Again, that may or may not be the case, but what is the relevance to U.S. immigration policy? And as for the sort of cultural enclaves I'm most familiar with, if you visit certain ultra-orthodox Jewish communities in both the U.S. and Israel, and act in a way that is upsetting to them, you will be quickly made to feel very unwelcome. Ultra-orthodox often do this to other Jews, who don't meet their levels of religious observance.

As I recall, didn't our own government recently do this to a certain Mormon sect? Making people who practice different cultures and hold different religious beliefs feel uncomfortable or threatened isn't unique to Muslims.

I don't have a problem with Muslim girls seeking asylum here. If some group (or individual) is willing to take them in, or if they can support themselves then I don't see a problem.

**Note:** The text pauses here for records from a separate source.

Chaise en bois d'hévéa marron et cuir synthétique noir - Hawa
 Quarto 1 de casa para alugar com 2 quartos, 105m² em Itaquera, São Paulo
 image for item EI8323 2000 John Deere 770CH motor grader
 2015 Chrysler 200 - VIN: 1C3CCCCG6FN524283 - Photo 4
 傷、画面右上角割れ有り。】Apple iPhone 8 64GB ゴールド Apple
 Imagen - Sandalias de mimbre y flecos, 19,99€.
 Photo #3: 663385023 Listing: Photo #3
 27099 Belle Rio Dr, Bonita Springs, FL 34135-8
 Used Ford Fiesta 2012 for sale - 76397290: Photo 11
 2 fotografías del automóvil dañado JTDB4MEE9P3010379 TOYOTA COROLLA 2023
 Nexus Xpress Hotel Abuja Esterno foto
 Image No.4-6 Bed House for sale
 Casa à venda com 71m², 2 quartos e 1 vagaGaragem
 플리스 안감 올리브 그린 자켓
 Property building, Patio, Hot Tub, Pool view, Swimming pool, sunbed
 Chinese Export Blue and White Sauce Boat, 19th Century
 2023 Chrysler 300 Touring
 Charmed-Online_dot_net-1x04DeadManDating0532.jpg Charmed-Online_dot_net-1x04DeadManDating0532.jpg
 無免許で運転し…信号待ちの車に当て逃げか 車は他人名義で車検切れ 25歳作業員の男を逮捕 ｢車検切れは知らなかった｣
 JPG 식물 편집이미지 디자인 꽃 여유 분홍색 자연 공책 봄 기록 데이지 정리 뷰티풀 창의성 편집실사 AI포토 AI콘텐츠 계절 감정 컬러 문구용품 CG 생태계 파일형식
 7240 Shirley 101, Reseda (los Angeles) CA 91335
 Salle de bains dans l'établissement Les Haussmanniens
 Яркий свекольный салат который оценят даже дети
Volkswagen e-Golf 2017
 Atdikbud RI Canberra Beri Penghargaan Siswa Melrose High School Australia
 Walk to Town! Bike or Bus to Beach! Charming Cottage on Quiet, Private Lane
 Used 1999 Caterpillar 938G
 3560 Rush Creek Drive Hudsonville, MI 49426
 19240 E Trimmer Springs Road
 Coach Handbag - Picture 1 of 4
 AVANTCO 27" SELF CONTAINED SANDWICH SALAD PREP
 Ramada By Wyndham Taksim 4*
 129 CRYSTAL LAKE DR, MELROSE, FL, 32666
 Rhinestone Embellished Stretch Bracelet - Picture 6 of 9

The expectation however should not be that Islam is superior and that they are immigrating here to teach us how to live. Especially defaming the natives via their religion. Defamation and incitement to violence are crime evens if Allah tells you to do it.

This is yet another huge non sequitur. We, by which I mean you or I or anyone claiming to speak for "the government" or "the people", do not get do determine such "expectations." If Muslims want to try to convert us or even insult as, that is their prerogative, as it is ours to do the same to them. You may not like it, and you may disapprove of it, but so long as they are not violating your rights, you have no right to forcibly exclude them from entering the country.

Every religion "defames" every other non-compatible belief system; that is the very nature of religions. Many Christians and Jews also interpret their religious text as incitements to violence. That is not a reason to persecute all Jews and all Christians.

It would have been perfectly reasonable for the south american Indians to restrict immigration of Catholic Spanards who were claiming that the indians had no souls, were subhuman, etc.

Only insofar as those Native Americans legitimately held claim to the territory for which they claimed exclusivity. They had no greater claim against the Catholic Spanards than the elderly Jewish Holocaust survivors of Skokie, Illinois had against the neo-Nazis attempting to march there.